I’m thinking of the model of Martin Luther King, wishing us vision and strength to continue. And I’m pleased to offer my new website, all the way below.

 

That said, I have to say that this has been among the roughest months of my adult life, with a cascading series of medical issues growing from Chucks radiation and chemo treatment sending us to the ER twice and leading to a five-day hospital stay. Thank goodness we’ve not only lived to tell the tale but are back home, with Chuck steadily regaining strength.

Two learnings/reminders stand out. One is the importance of noticing every possible bit of color and joy in days that are full of gray, and building my capacity to absorb the support and love that surrounds me. The other is about the critical difference between noting that I may not get what I want at any particular point in time and giving up on wanting altogether.

So thanks to everyone who has been sending love our direction, and to all that is life giving, including the earth—and to our moon which will be full tonight whether we can see it or not.

Love,
Pamela





Holidays and cultural appropriation

The waning moon, encircled by a visible ring in the clouds, is a stunning presence in the pre-dawn of this late December day. We’ve been in the midst of a rough patch at home, and I take comfort in that steady glow.

At this time of year, I think of the Christmas traditions from my childhood that I hold so dear: Making gifts, thinking of what we could create that would give pleasure, and all the delicious secrets we kept from one another in the process. Cutting the tree, from a row my father planted close together years ago, knowing they could be thinned for just this purpose. Stringing the lights, decorating the tree, hanging stockings, singing traditional carols around the fire on Christmas Eve. The attention we all gave to the extended gift-giving process in a large family. The sweets.

Aside from the carols, it was not a particularly Christian holiday for us. So one could question the passion I bring to my dislike of the secular commercialized holiday that we are sold so relentlessly these days. I can’t really advocate from my own experience for centering the story of the Christ child’s birth, though that seems far more wholesome than feeding an insatiable holiday consumption machine in the attempt to prove love.

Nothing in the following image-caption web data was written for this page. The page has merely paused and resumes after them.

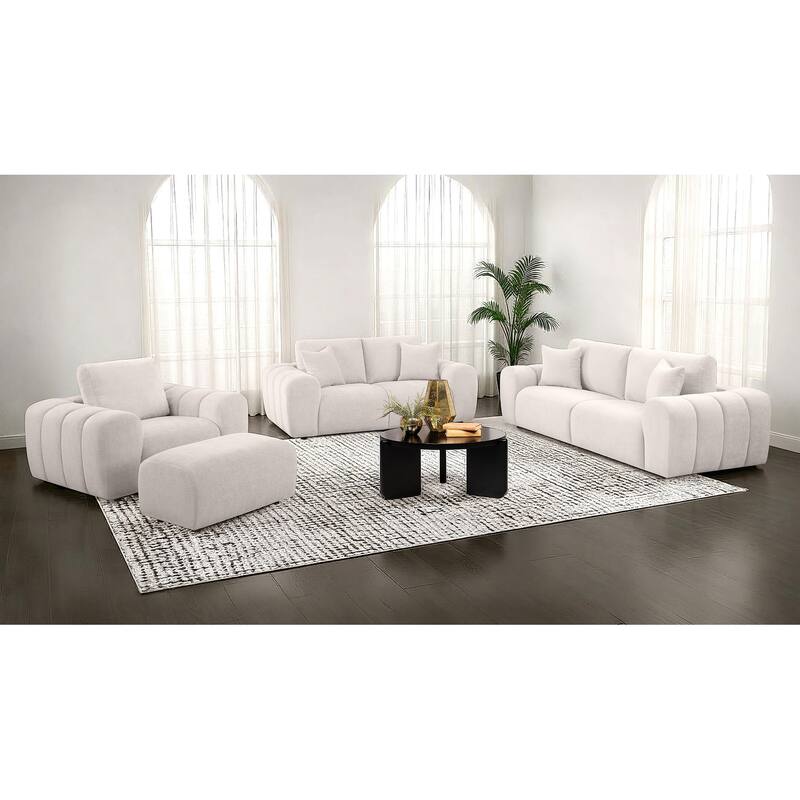 Burnett Chenille Upholstered Sofa Set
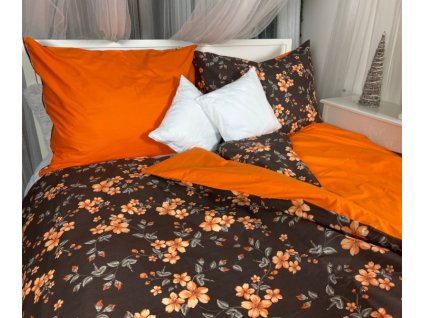 Ervi bavlněné povlečení oboustranné - květy na hnědém/oranžové (Rozměr 140x200 cm + 70x90 cm)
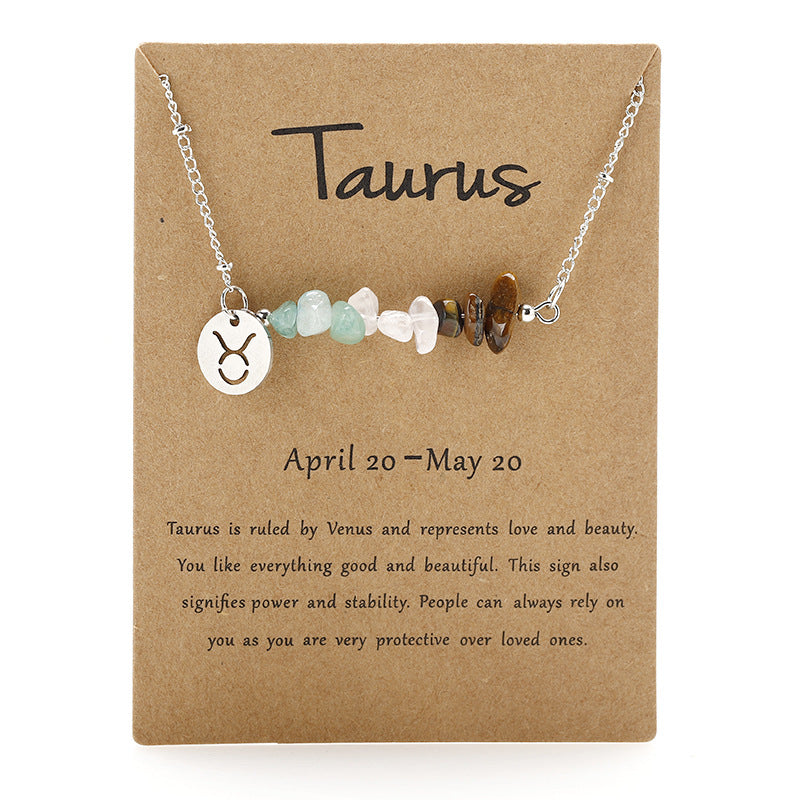 Stone Rough Stone 12 Constellation Gravel Combination Necklace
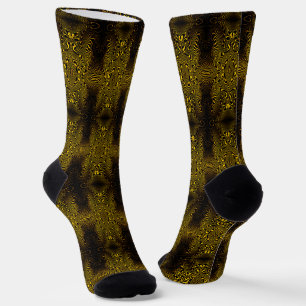 Schwarze gelbe Goldwirbel-Textur Socken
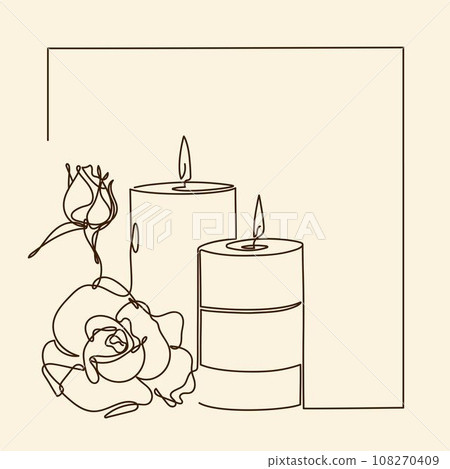Continuous one line drawing of wax candles with flowers. Minimalist black linear sketch isolated on light background. Holiday card. Continuous one line drawing of wax candles with flowers. Minimalist black linear sketch isolated on light background. Holiday card. 108270409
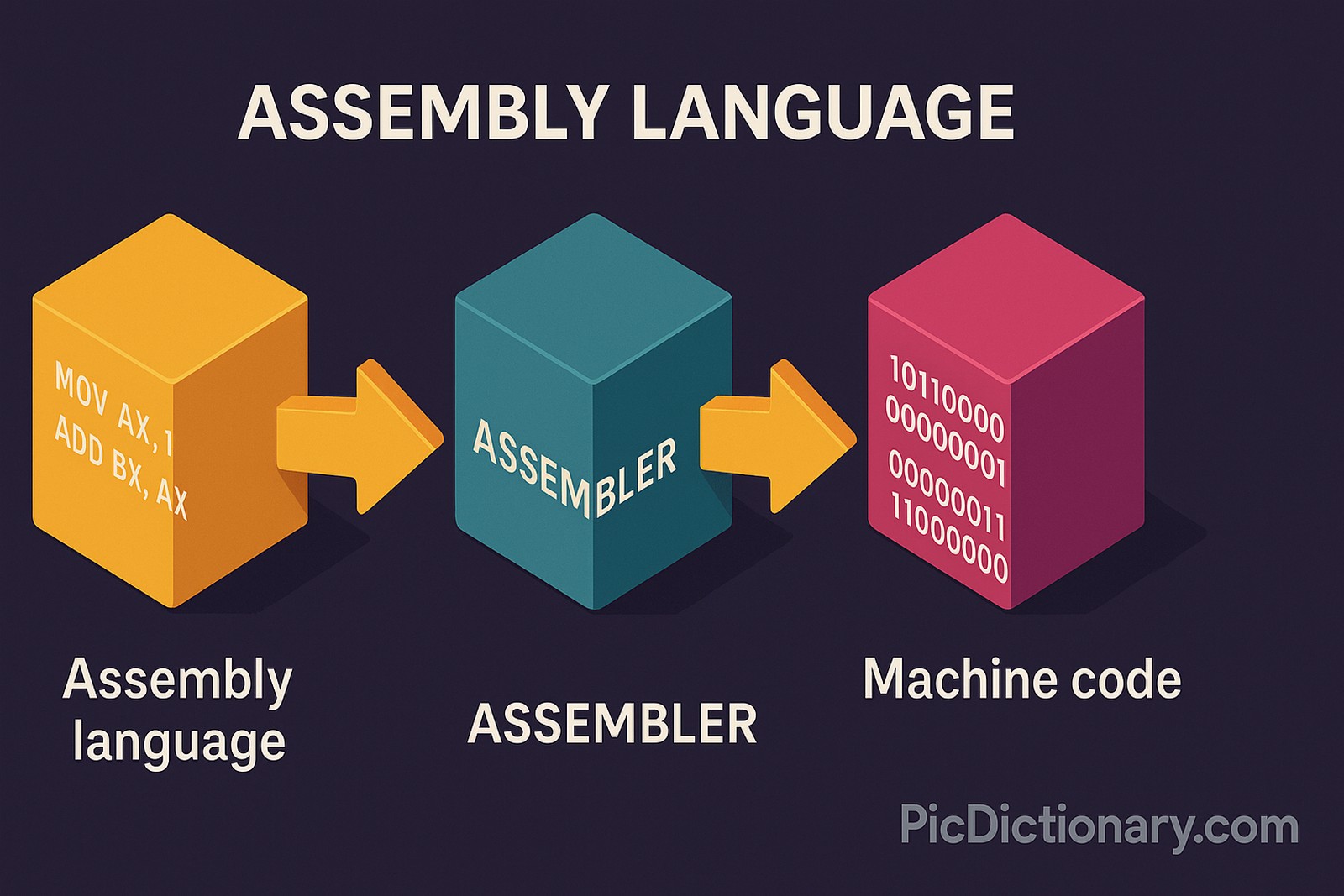 3D infographic titled “ASSEMBLY LANGUAGE” showing three labeled blocks: one labeled "Assembly language" with code snippets like “MOV AX, 1”, another labeled "ASSEMBLER", and the last labeled "Machine code" with binary digits. Bold arrows point from left to right, visually representing the translation process from assembly to machine code. 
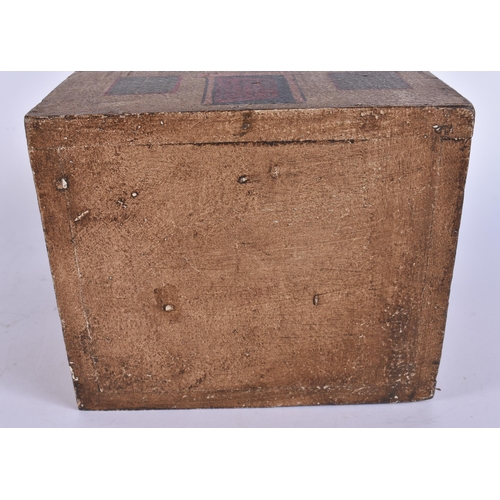385 - A FOLK ART WOOD TEA CADDY. 23 cm x 15 cm.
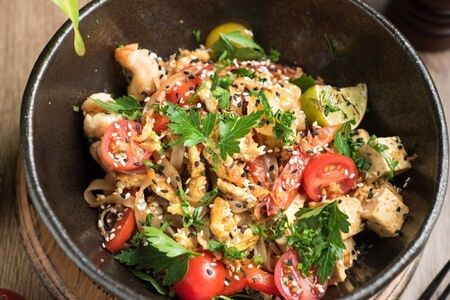 Лапша с креветками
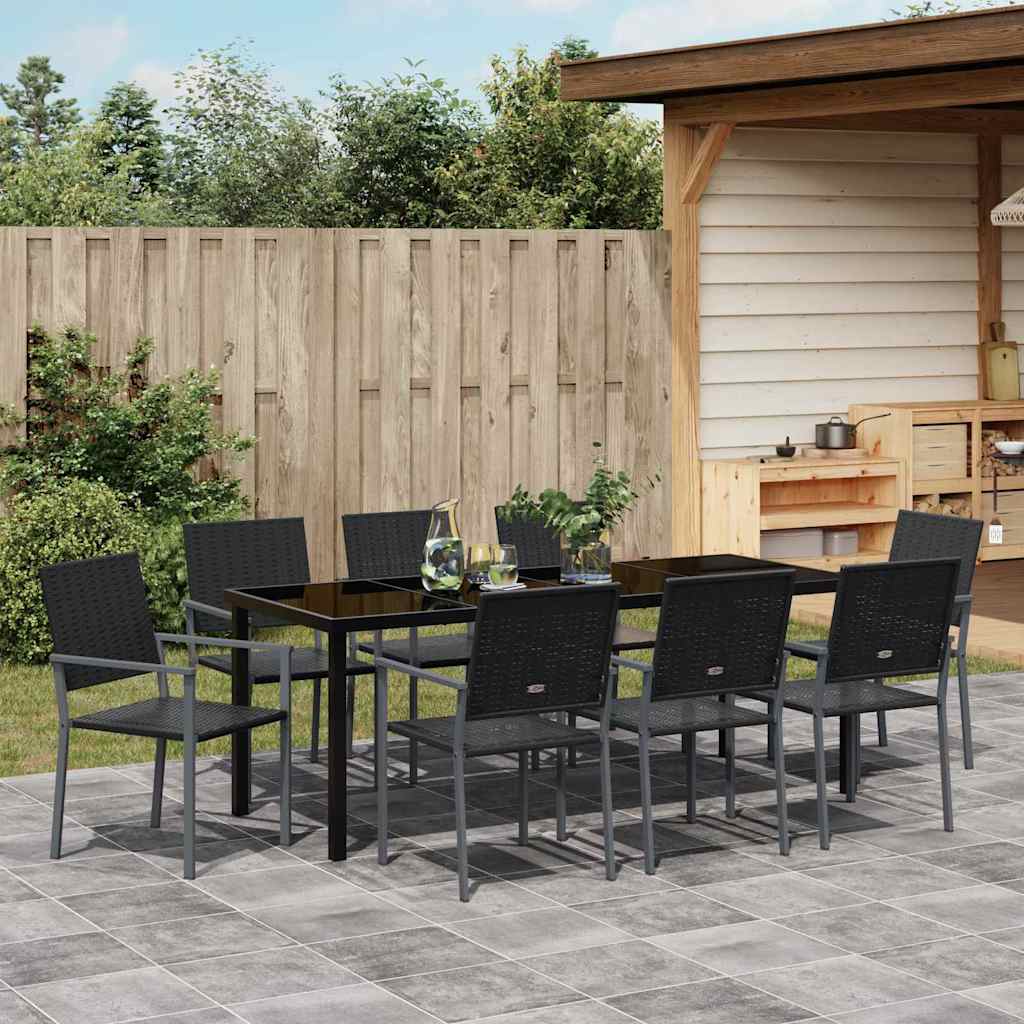 Tuin eettafelset 9 pcs Zwart PE Rattan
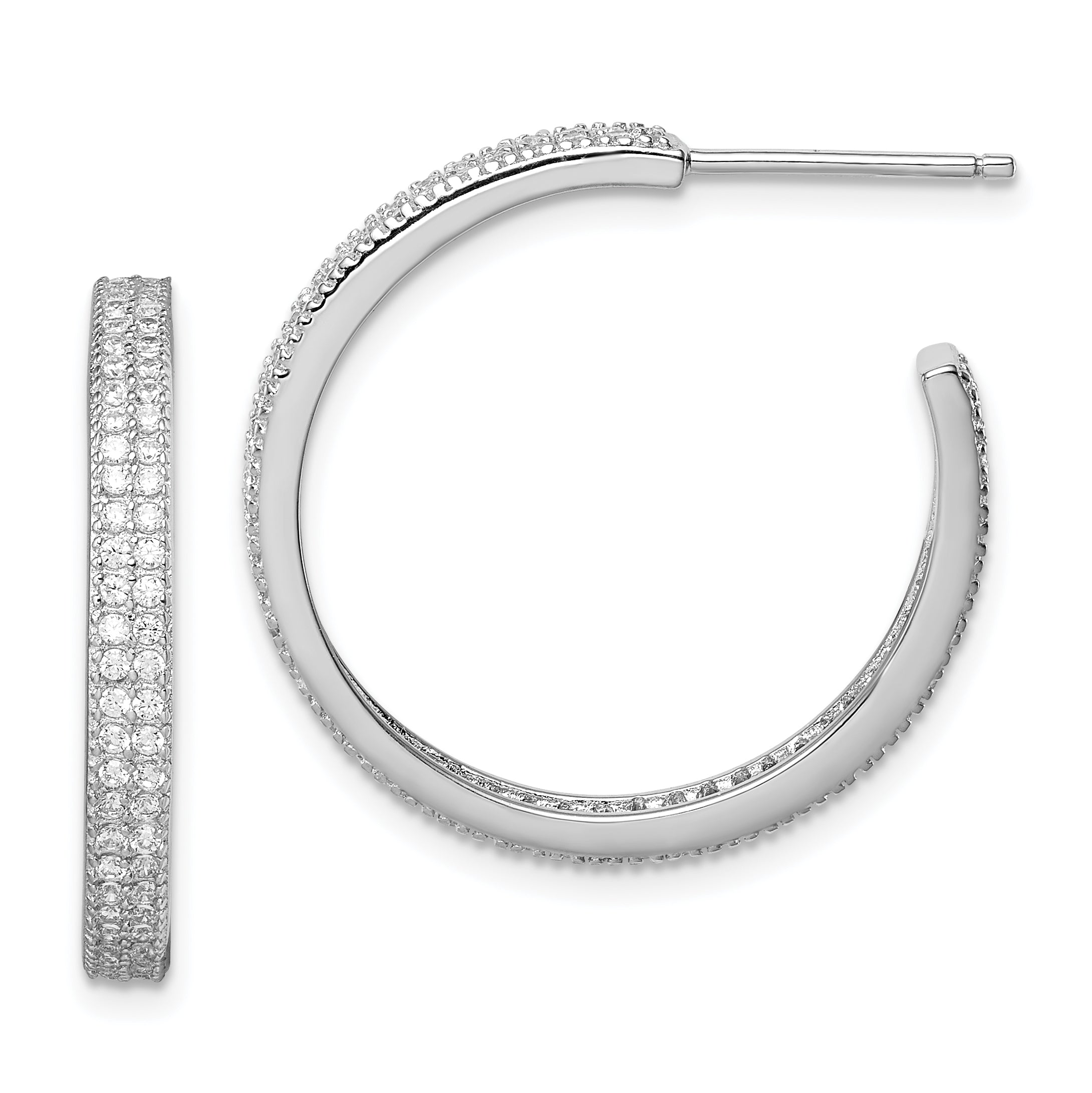 Sterling Silver Rhodium-plated CZ 20x3mm C-Hoop Earrings Main image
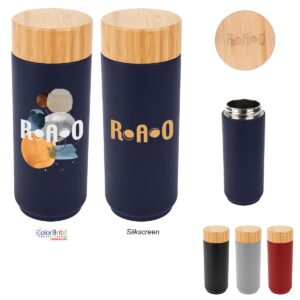 PR22751 16 Oz. Stainless Steel Lexington Bottle With Bamboo Lid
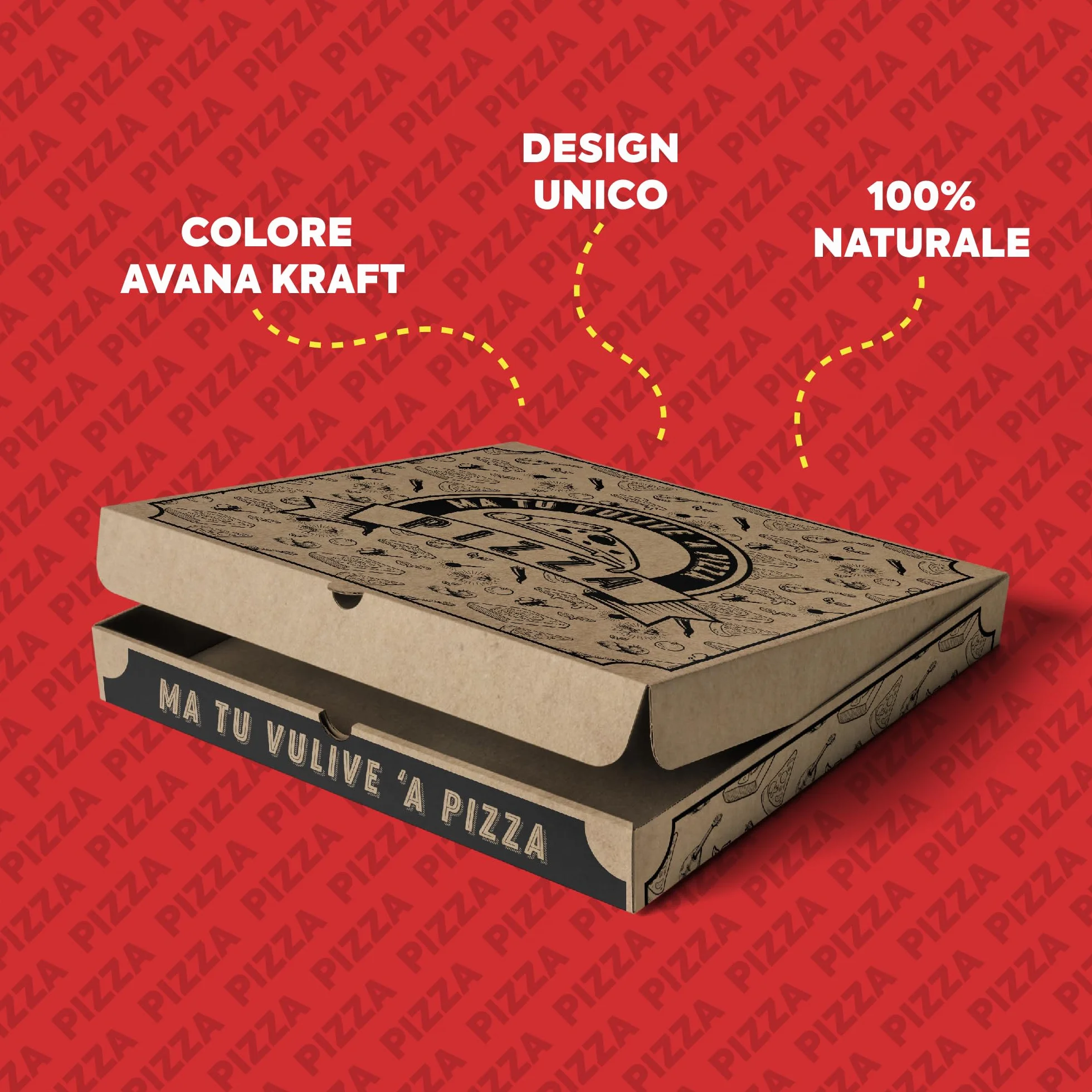 Scatole Pizza 33x33cm h 3,5 Cartone Termico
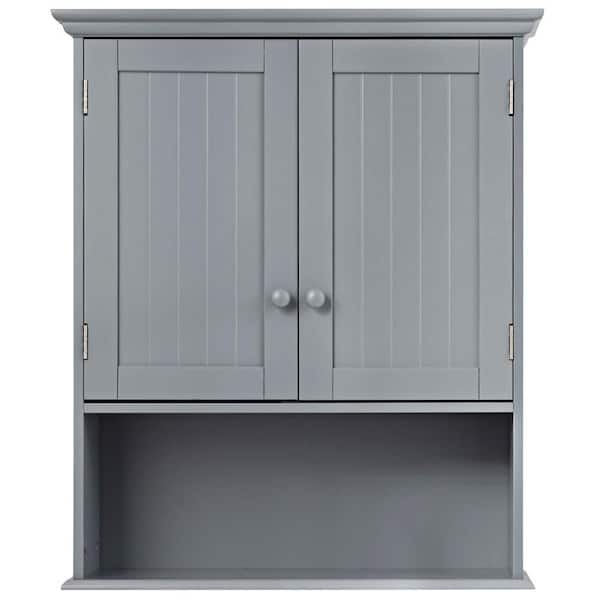 23.5 in. W x 28 in. H x 6.5 in. D Bathroom Storage Wall Cabinet with 2 Glass Doors and Adjustable Shelf in White
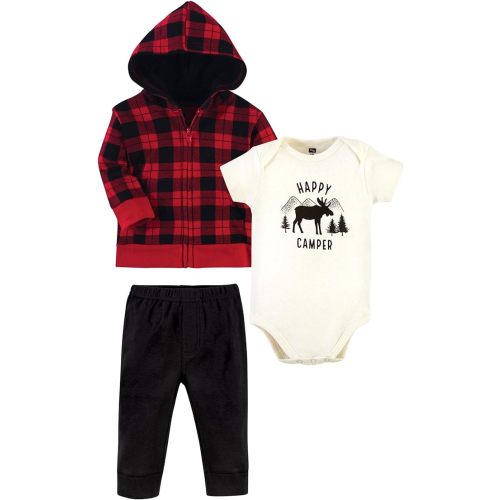 Hudson Baby Unisex Baby Cotton Hoodie, Bodysuit or Tee Top and Pant Set - 3-6 Months - Plaid Moose Baby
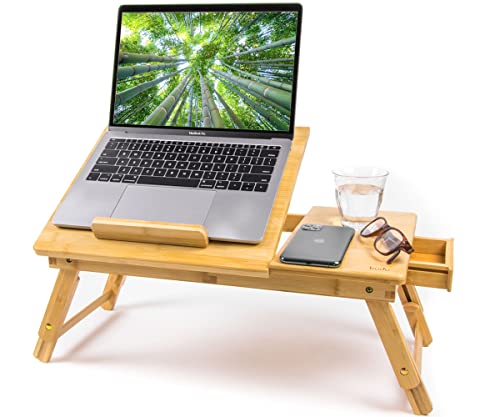Budu Laptoptisch aus Bambus - Notebooktisch - Betttisch - Verstellbarer Laptoptisch Bambusholz - Laptoptisch Höhenverstellbar - Laptopständer - Frühstück im Bett - Esstisch für Bett von budu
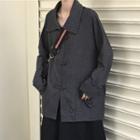 Single-breasted Plain Jacket Stripes - Black & Gray - One Size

This year, COVID and health vulnerability kept other family members away, and energy was low, so our only outward signs of Christmas were the carols we listened to and the holly, ivy, yew branches and string of lights with which I decorated our bay window.

I’m aware that Christmas was nested in ancient sacred ritual times around darkness and light and cycles of life. We’re sensitive these days to appropriation of indigenous and Black culture, but this Christian celebration is certainly an example of cultural appropriation. And our current secular celebration is yet another layer of appropriation of that tradition.

My family of origin appropriated a bit of this and a bit of that. In my own family, I added a home-made manger complete with rough clay figures as a counterweight to the consumerism. Later we went to the Christmas Eve carol service at the Catholic church across the street, as another way to be present to the heart of the story. But I also added the holly and the ivy, which were their pagan precursors—as are the Christmas trees of course, and the lights.

Where do we stand on cultural appropriation here? Is Christianity enough of an advance over what came before that its shaping of earlier rituals and celebrations to fit its own story is justified? I do find something compelling in the Christian message of radical love and hope and forgiveness, but the package of institutional religion with all its complicity in systems of power and domination seems pretty problematic. From another angle, if Christianity is an advance over that which came before, is the secular consumption that is replacing it even better?

Maybe the way forward is as simple as looking deeply for what rings true in our hearts, and for what we can claim as our own. Not something that makes us feel part of the cool group, or distances us from what we’re rebelling against, or leans on somebody else’s convenient short-cut, but our own hard-won understanding of who we are, where we come from, and what feeds our souls. If we find our way to the spirit that animated our ancient ancestors then found a place in the Christian trinity, that is not appropriation. That is coming home.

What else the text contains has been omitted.